Assim, estes códigos podem ser chamados de códigos
primários (na denominação de Bystrina, códigos
hipolinguais). Quando cessam as trocas informacionais neste
nível, cessa a vida. Este processo de comunicação é o
processo intra-individual ou intra-orgânico. Contudo,
muitas espécies animais desenvolveram instrumentos de
comunicação inter-individual. São as chamadas línguas
naturais. Não precisamos nos iludir com nosso pouco
conhecimento sobre a linguagem animal, achando que só o
homem possui um instrumento de comunicação social
elaborado. Há hoje numerosos estudos sobre a linguagem
coreográfica das abelhas, sobre a comunicação de
determinados tipos de pássaros, sobre a comunicação
olfativa das formigas, sobre o canto das baleias. Em alguns
casos chega a haver levantamento de um considerável léxico
dessas linguagens. Elas obedecem a códigos secundários ou
linguais, que se constroem evidentemente sobre o
funcionamento dos códigos primários. Se há um problema
grave na comunicação intra-orgânica, biológica, isto pode
bloquear inteiramente o funcionamento das linguagens
naturais. As línguas naturais são bem desenvolvidas
naquelas espécies cuja vida social é intensa e
indispensável.
Vimos logo acima que o estar em sociedade significa
estar envolto, protegido, poder ter os outros indivíduos
como prolongamento do próprio organismo, na medida em que o
coletivo proporciona o revezamento, a especialização, a
força reunida e multiplicada, o trabalho dividido e muitas
outras vantagens. Sem o coletivo, a espécie humana teria
provavelmente sucumbido diante de tantas outras espécies
mais fortes, mais velozes, maiores. E o instrumento mais
importante para a sobrevivência de um coletivo é uma língua
tão precisa quanto possível. No entanto, nem o
desenvolvimento de refinadas técnicas, nem a descoberta de
importantes artifícios, nem o fortalecimento da proteção
pela reunião de indivíduos em sociedades conseguiu resolver
alguns problemas que afligiam o homem, tais quais doenças,
fenómenos e catástrofes naturais e principalmente o mais
forte, insolúvel e inevitável de todos os problemas, a
morte.
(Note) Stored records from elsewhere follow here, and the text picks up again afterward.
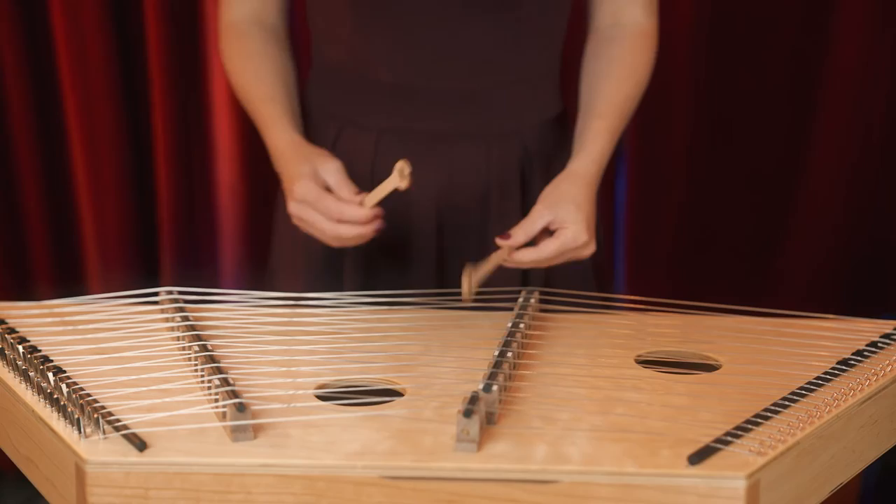This is a great instrument for kids as well as for beginner musicians who just want to get their toes in the water, as well as musicians who've been around the block a few times and just want to try something that's completely different.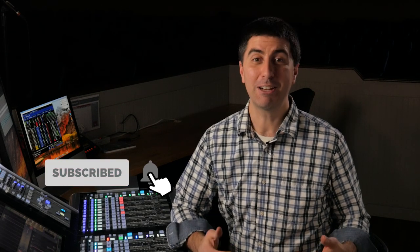If you liked this tutorial go ahead and give it a thumbs up. Be sure to hit subscribe and ring the bell to get notified every time I post a new video. I'm here to help you make every worship mix an enjoyable one.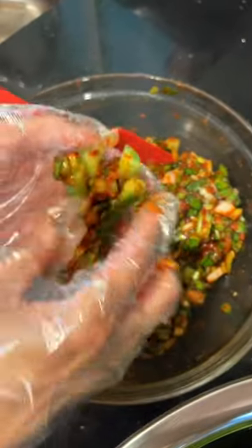Then all you have to do is stuff the cucumber with the marinade in the little slits that you made and just stack it tight into your kimchi container. Add in some water until everything's submerged and you're done!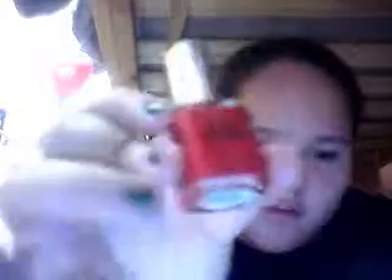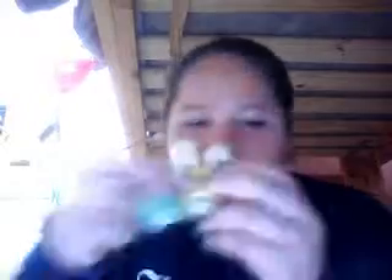Then I got three nail polishes by Pure Ice. The first one is Pure Ice in Siren — it was two dollars. Then I got Pure Ice in a yellow color, and then Pure Ice in Free Spirit, which is this nice green shamrock-looking color.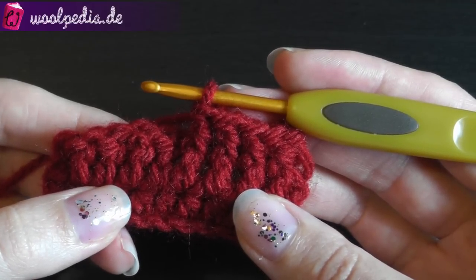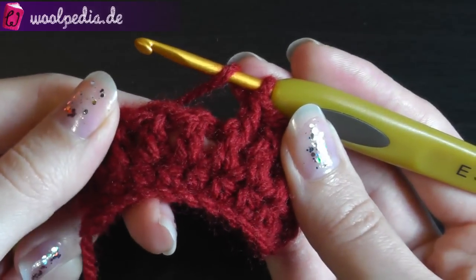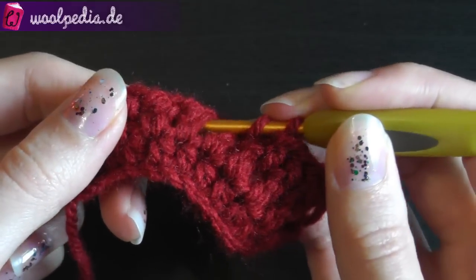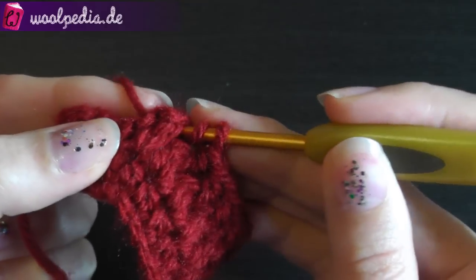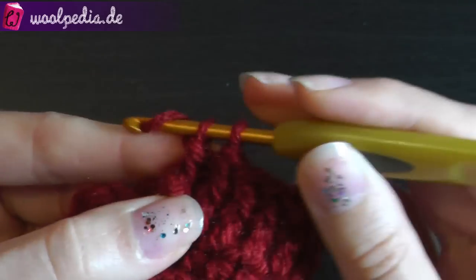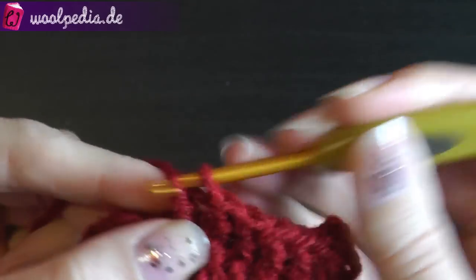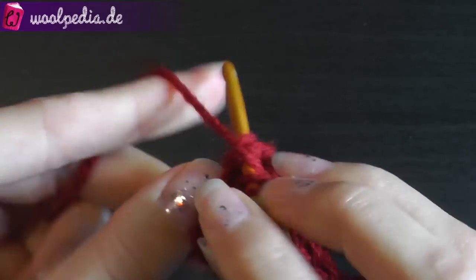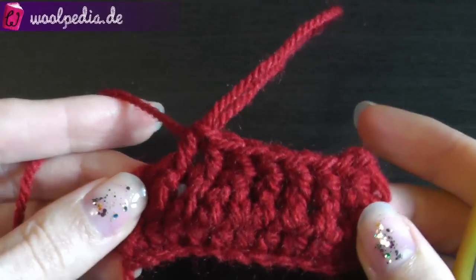If you crochet front post double crochets and you want to decrease, yarn over and insert your hook under the next two double crochets — you can see them here. Go with your hook under these two double crochets, yarn over, pull up your loop. You have three loops: yarn over, pull through two, and pull through two. This is your decrease. You continue afterwards with your normal front post double crochets like this.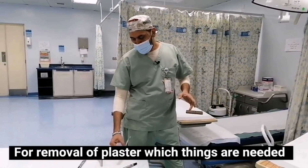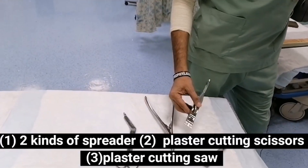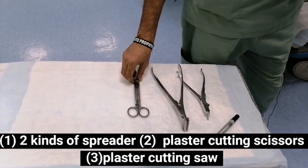For the removal of plaster, these things are needed. Number 1: two kinds of spreader. Number 2: plaster cutting scissors. Number 3: plaster cutting saw.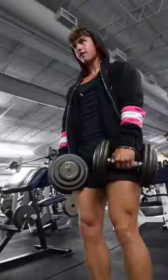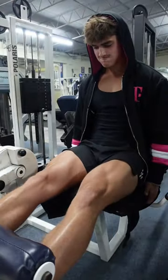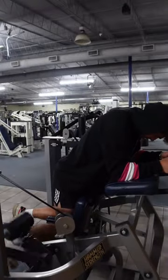Don't forget to push yourself — these are brutal but very necessary. After that we have quad extensions, and once again very nice and controlled. Don't forget to squeeze at the top. Following is single-legged hamstring curls.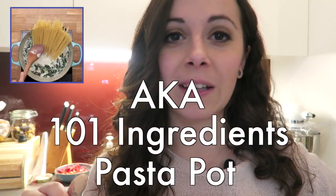Do you think it's impossible to cook a real Italian dish in only one pot? And I'm not talking about one pot milk pasta chicken broccoli tasty recipe.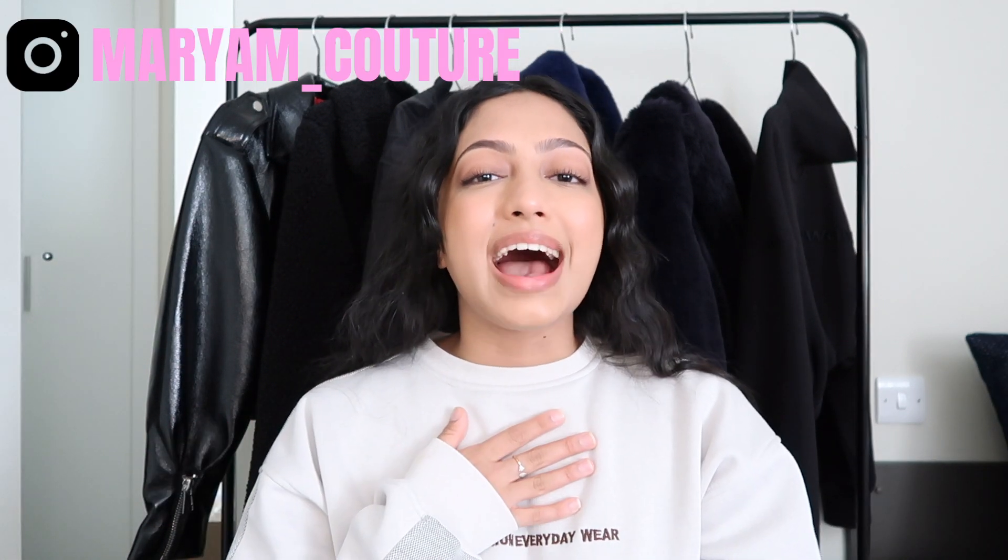Hey friends, welcome back to my channel! If you're new here, hi, my name is Mariam and I make videos about fashion and fitness. Go ahead and click that subscribe button — it's the red button below and it's 100% free.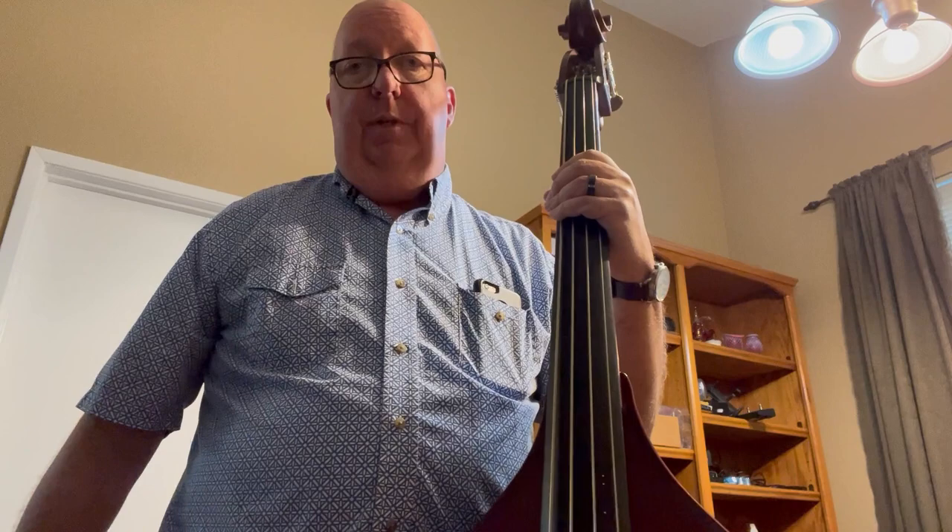It's a piezo double pickup on the bridge. There's no preamp on the bass — you can sculpt it on the amp. For example, I can goose the treble, back off the bass.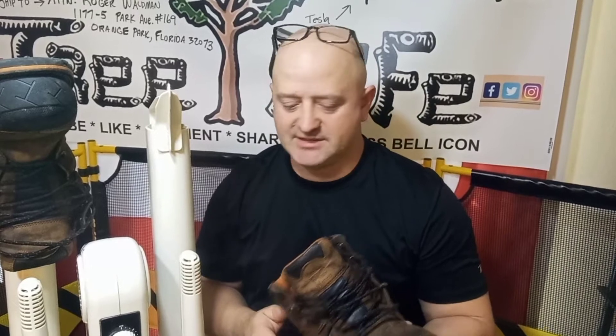You can either sit them outside for a long period of time, or you can put them on one of these boot dryers. Even if they're completely soaked, if you put them on as soon as you get home from work on the heated setting, you can usually dry your boots out overnight.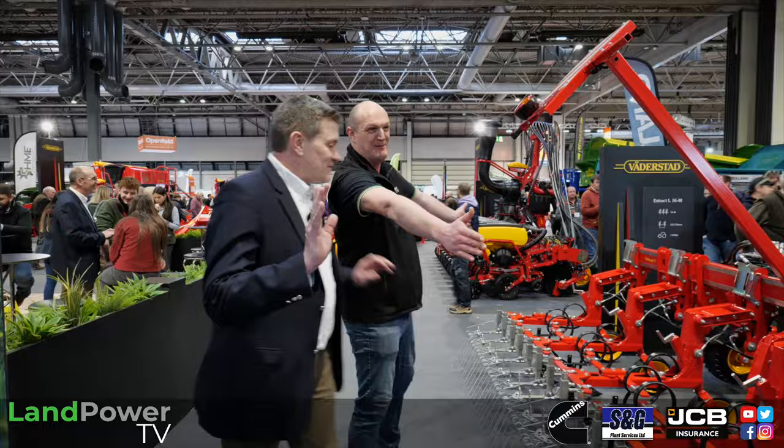Right ladies and gents, on to the Vadastad stand here at the Llama Show. I'm joined by once again — we've seen him before — it is Mr Andrew Gamble from the manufacturer. Now we're going to do something a little bit different here: rather than focus on one particular product, Andrew is going to give us a whistle-stop tour of the stand, which is quite a big stand. You've got five minutes — it's like Challenge Anneka, isn't it?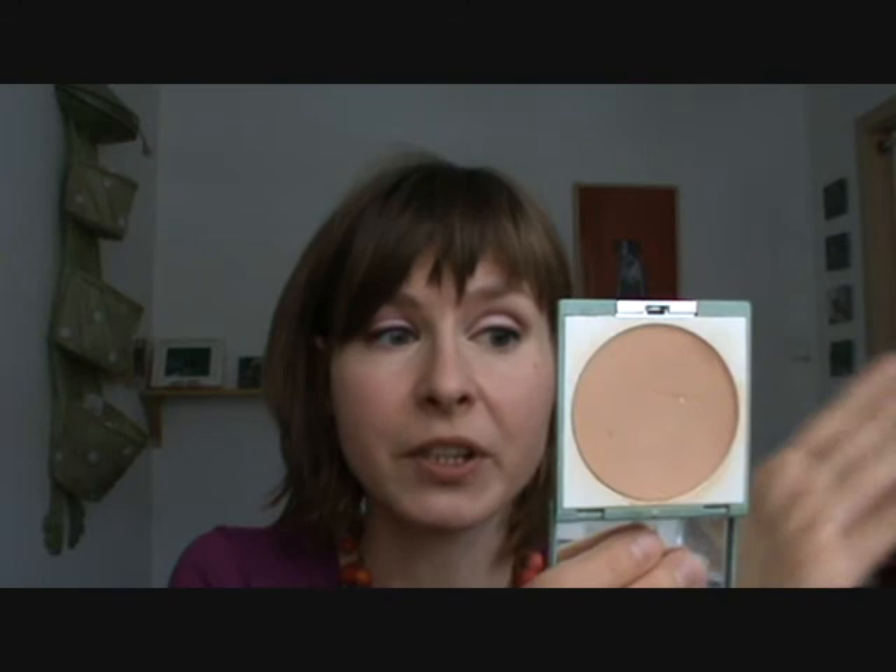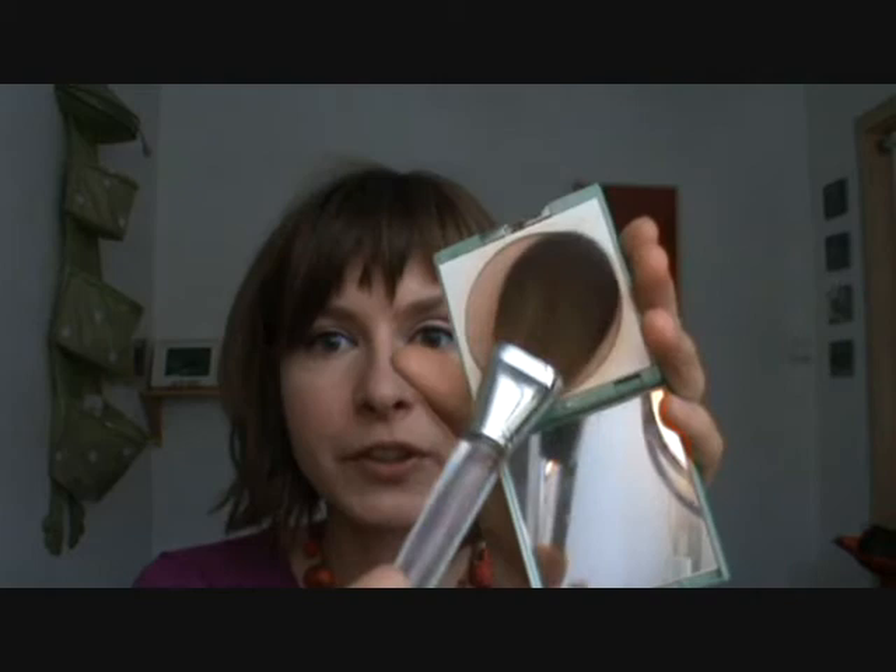To set my foundation, I use Clinique Almost Powder Makeup. It's really finely milled and quite pigmented, so it does a great job at setting foundation and adding just a little bit more coverage over my redness. I use it with the Clinique powder foundation brush — I just tap a bit onto the side of my brush and apply it. I love the fact that it doesn't leave any powdery effect on the skin, so it looks really natural. You might think this color is a bit dark for me, but mineral powders tend to go lighter on the skin than they look in the pan, so it makes sense to buy a slightly darker color than you'd think is right for you.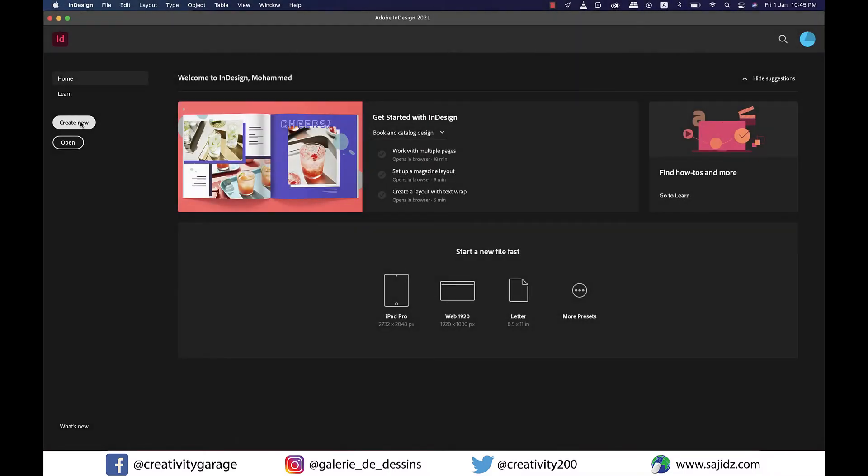Hi there. In today's video we'll be learning how to create a simple magazine article in Adobe InDesign, so let's get started.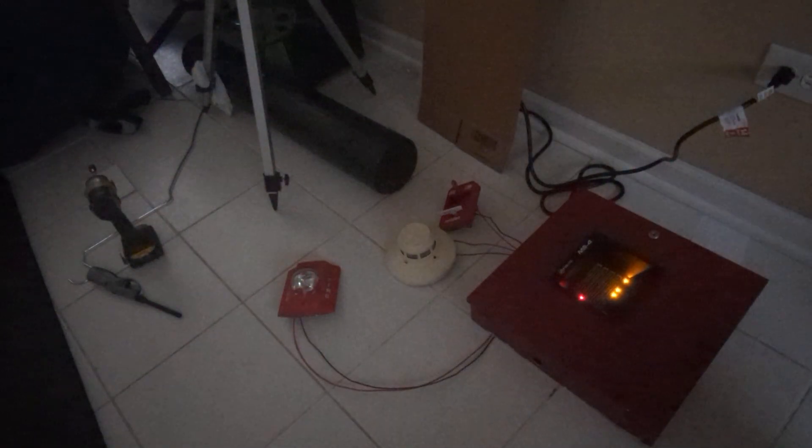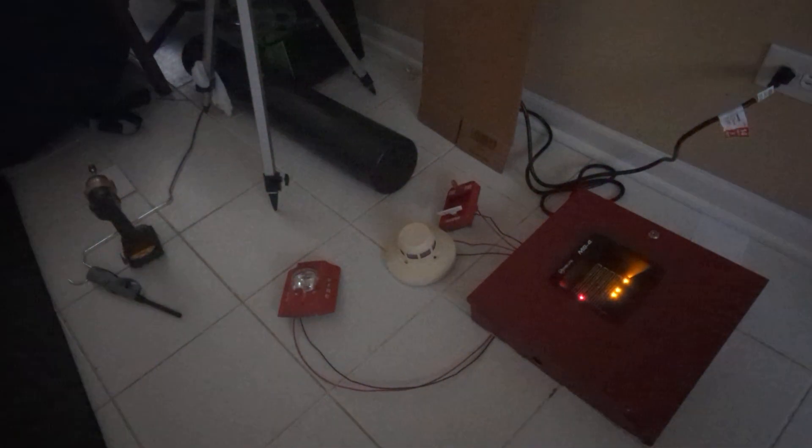Two things with the panel: the trouble lights are on because at the moment there are no batteries inside the panel — I'm ordering those and they should be coming sometime soon. Also, I was able to program it so that when I silence the Fire Alarm Control Panel, the strobe continues to flash.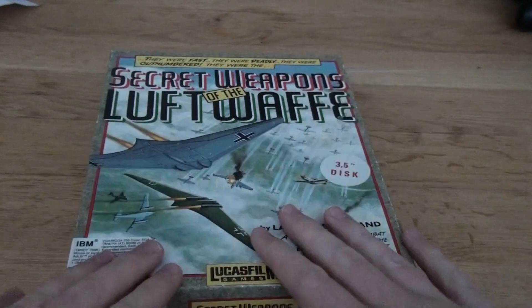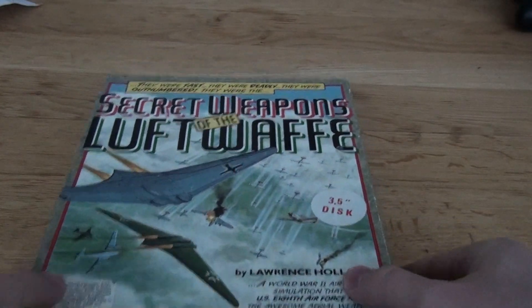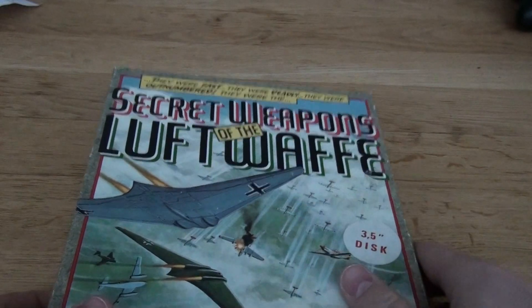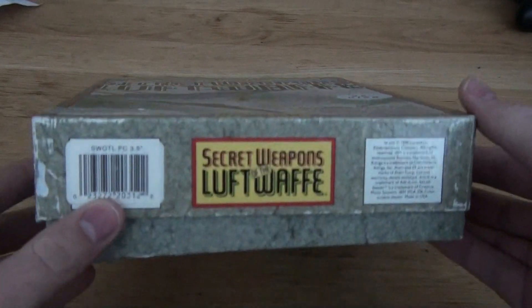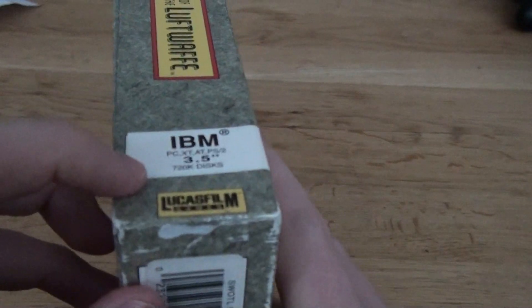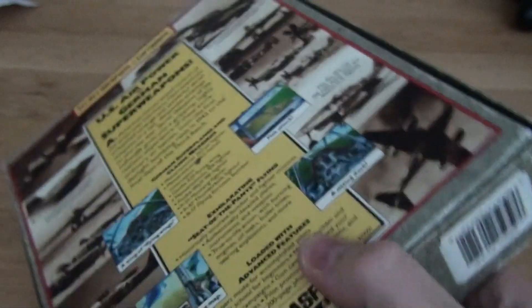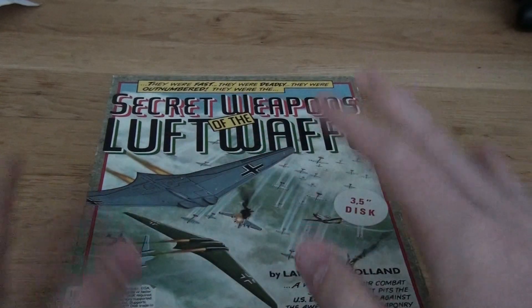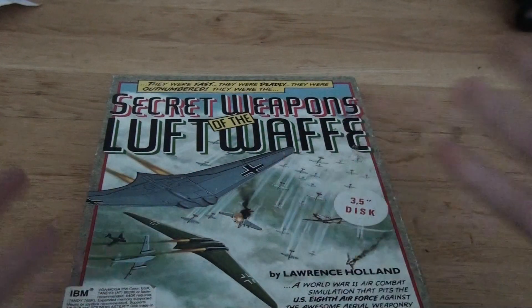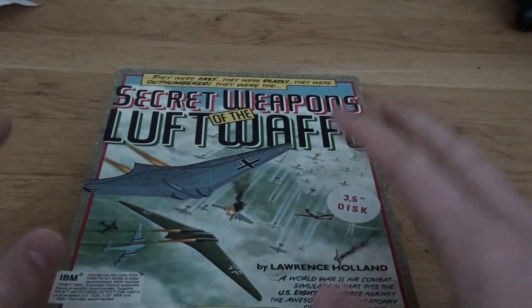God blessings everybody, this is The Gaming Christian with yet another Let's Check. This time we are going to check the packaging for Secret Weapons of the Luftwaffe — that's an old MS-DOS game, a very old PC game. You can see IBM stuff and there are floppy discs. We're going to check out the packaging and what's inside of it, so that's why it's called the Let's Check.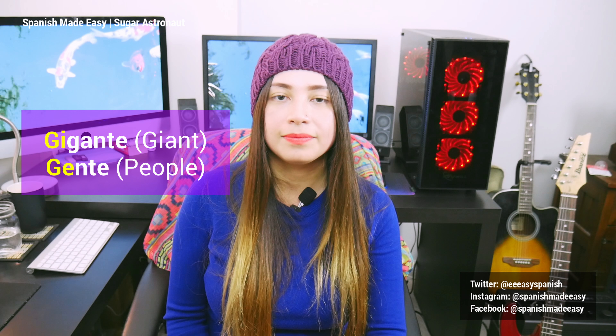Now let's talk about the letters G and J — or in Spanish, G and J. These two letters are pronounced really strong in Spain, and the sound is like when you want to spit something out. When using the letter J, you will use it with all the vowels: ja, je, ji, jo, ju. And one word would be jamón. With the letter G, you will have to use it with the letter E and I. For example: gigante, gente.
É aí que, valendo-se das línguas naturais
(comunicação corporal, comunicação gestual, comunicação
sonora e comunicação verbal) o homem cria uma "segunda
realidade" na qual estes problemas — e muitos outros que
não podia compreender — são superados no nível simbólico.
Esta segunda realidade é regida pelos códigos terciários,
culturais ou hiperlinguais. E a inspiração para esta
indispensável e maravilhosa invenção do homem vem
provavelmente de algo que não é exclusivamente humano: o
sonho.

"A alegria é a prova dos nove." (Oswald de Andrade)

Do sonho vem a primeira inspiração, mas também do


sonho acordado, do devaneio, do delírio jorram ideias,
imagens, verdadeiros textos que possibilitam a criação de
mitos, de ritmos, de histórias. Também do sonho nasce o
jogo, o brinquedo, a simulação. Sabemos que o brincar já
está presente em espécies animais superiores sobretudo em
sua infância. E no homem a atividade lúdica se estende por
toda a vida e é fonte de fortalecimento de sua criatividade
e portanto de suas forças. Uma terceira fonte de inspiração
para o aperfeiçoamento da segunda realidade provém de
determinados indivíduos que possuem um tipo de
sensibilidade diferenciada e que são considerados hoje
neuróticos, psicóticos, esquizofrênicos. Estes indivíduos
veem o que outros não veem, sentem o que os outros não
sentem e conseguem ou são compelidos a romper padrões
estabelecidos de comportamento. Extensos estudos do médico
e psiquiatra Leo Navratil dão conta da capacidade aguçada
destas pessoas de "fisionomização, ritmização e
simbolização" (Navratil, 1974a:43), elementos constitutivos
absolutamente indispensáveis dos textos culturais. Por
último são fontes da cultura todos aqueles procedimentos de
busca do êxtase, seja por meio de substâncias, seja por
meio de sons, seja por meio de movimentos. Assim,
analisadas estas fontes de inspiração e criação da cultura,
constata-se como traço comum a todas elas (inclusive as
variantes psíquicas) a presença de um traço de busca do
prazer, do gozo, da alegria. Não é sem razão que o enfant
terrible da modernidade brasileira, Oswald de Andrade,
declara que "a alegria é a prova dos nove".